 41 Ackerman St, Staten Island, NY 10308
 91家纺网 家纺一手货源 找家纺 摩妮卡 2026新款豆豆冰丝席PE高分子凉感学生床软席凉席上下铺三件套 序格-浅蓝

---

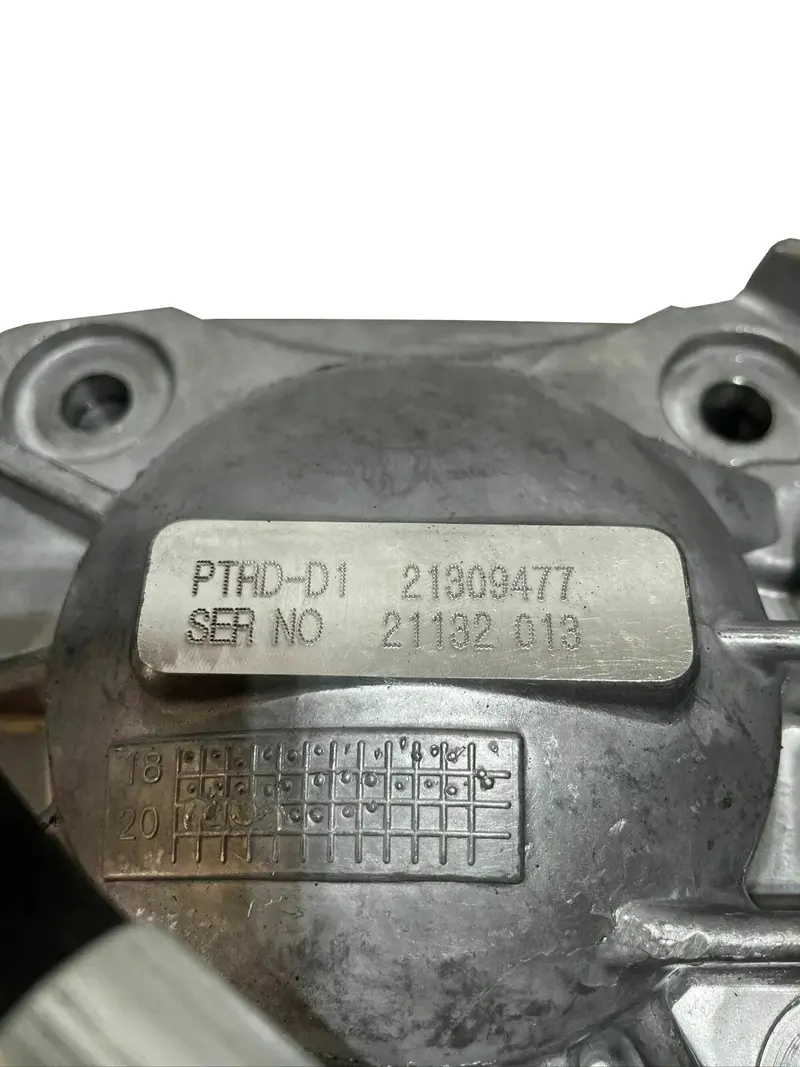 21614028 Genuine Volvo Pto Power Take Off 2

--

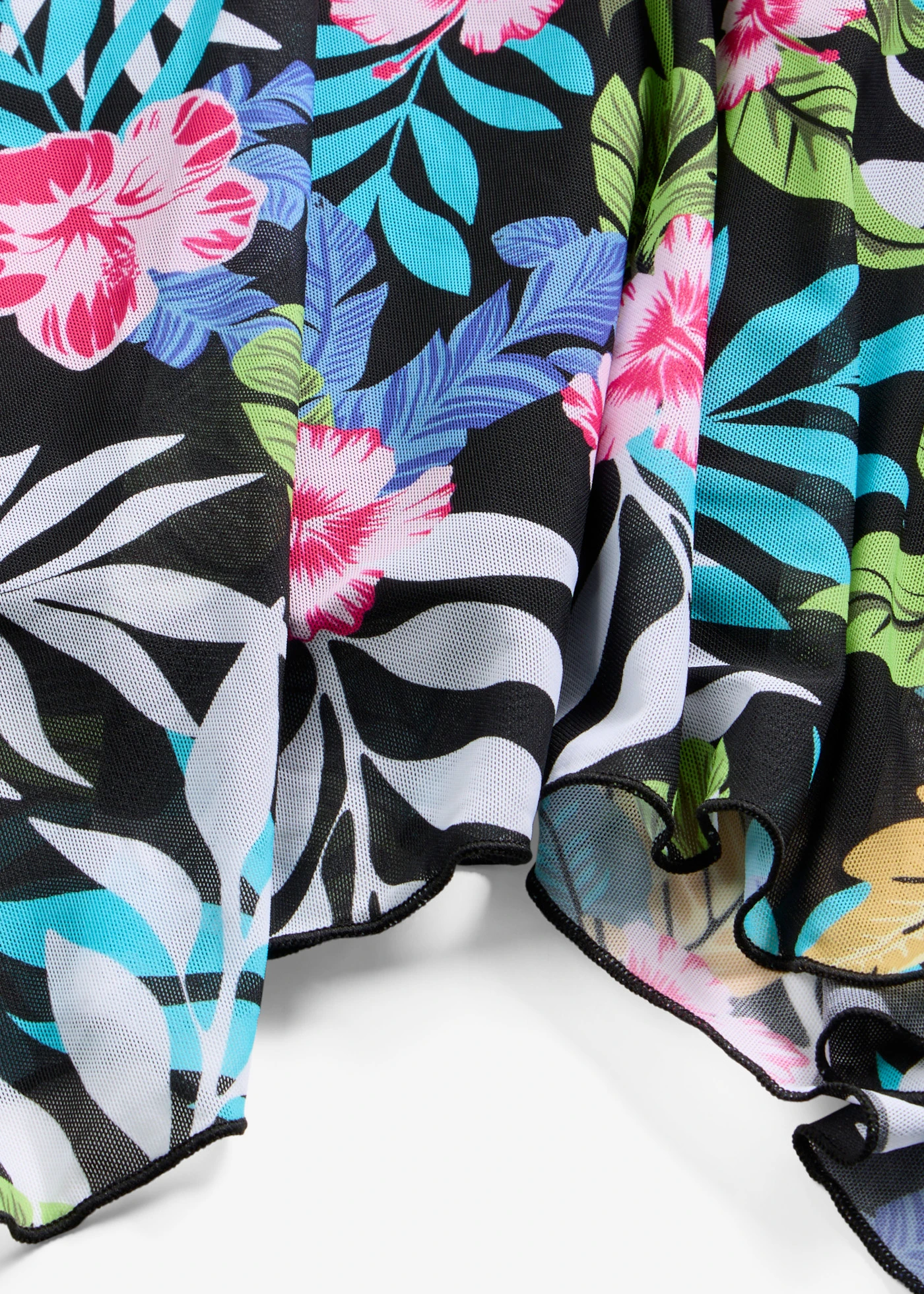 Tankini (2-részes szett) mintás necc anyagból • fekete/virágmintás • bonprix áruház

> TRY IT
Beginning with the line containing "41 Ackerman St, Staten Island, NY 10308" and ending with the line containing "91家纺网 家纺一手货源 找家纺", extract those lines exactly from the listing above, and only those.

> WRITTEN SOLUTION
 41 Ackerman St, Staten Island, NY 10308
 91家纺网 家纺一手货源 找家纺 摩妮卡 2026新款豆豆冰丝席PE高分子凉感学生床软席凉席上下铺三件套 序格-浅蓝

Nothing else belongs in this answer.